Here is the task for the records below: repeat exactly the lines from the one with "6802 W Glendale" to the one with "823 E Finch Creek St.", both included, and nothing else.

- [THE DATA]:
────────────────

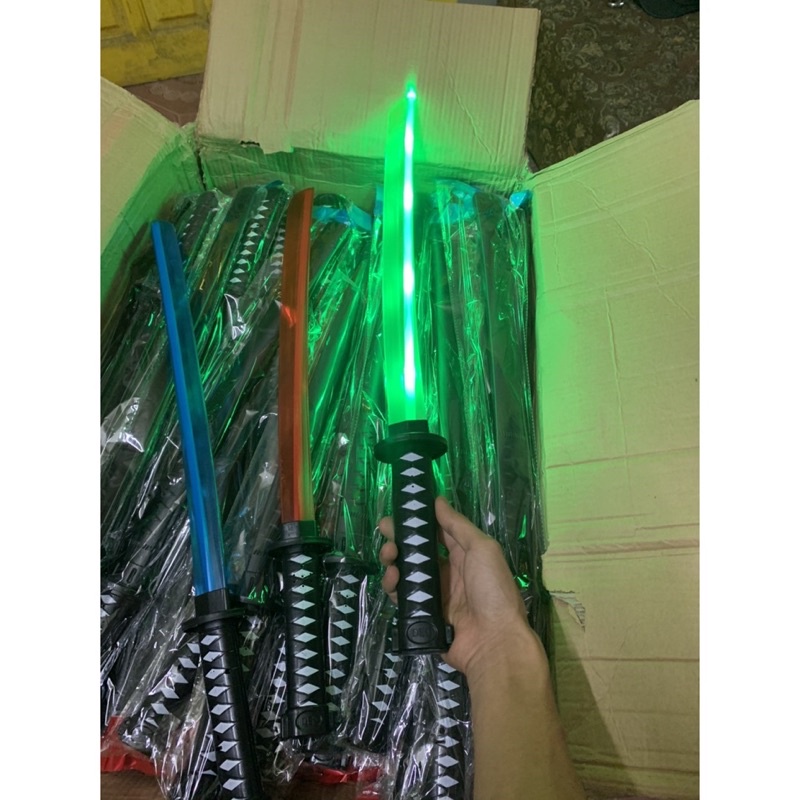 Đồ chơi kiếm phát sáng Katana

────────────────

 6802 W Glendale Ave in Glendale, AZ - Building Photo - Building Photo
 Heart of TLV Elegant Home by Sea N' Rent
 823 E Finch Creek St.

────────────────

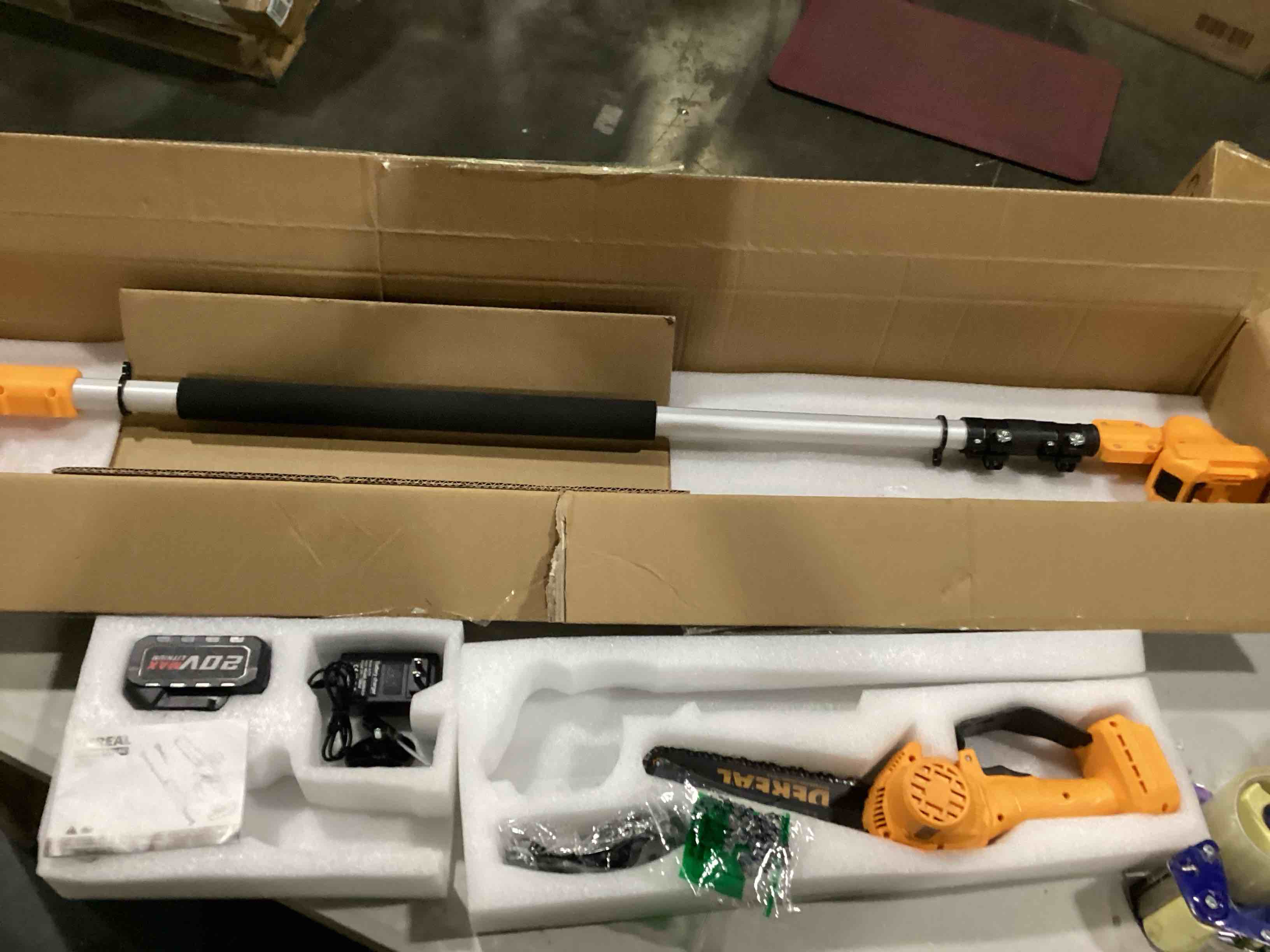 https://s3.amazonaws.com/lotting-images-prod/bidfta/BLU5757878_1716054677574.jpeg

────────────────

- [TASK RESPONSE]:
 6802 W Glendale Ave in Glendale, AZ - Building Photo - Building Photo
 Heart of TLV Elegant Home by Sea N' Rent
 823 E Finch Creek St.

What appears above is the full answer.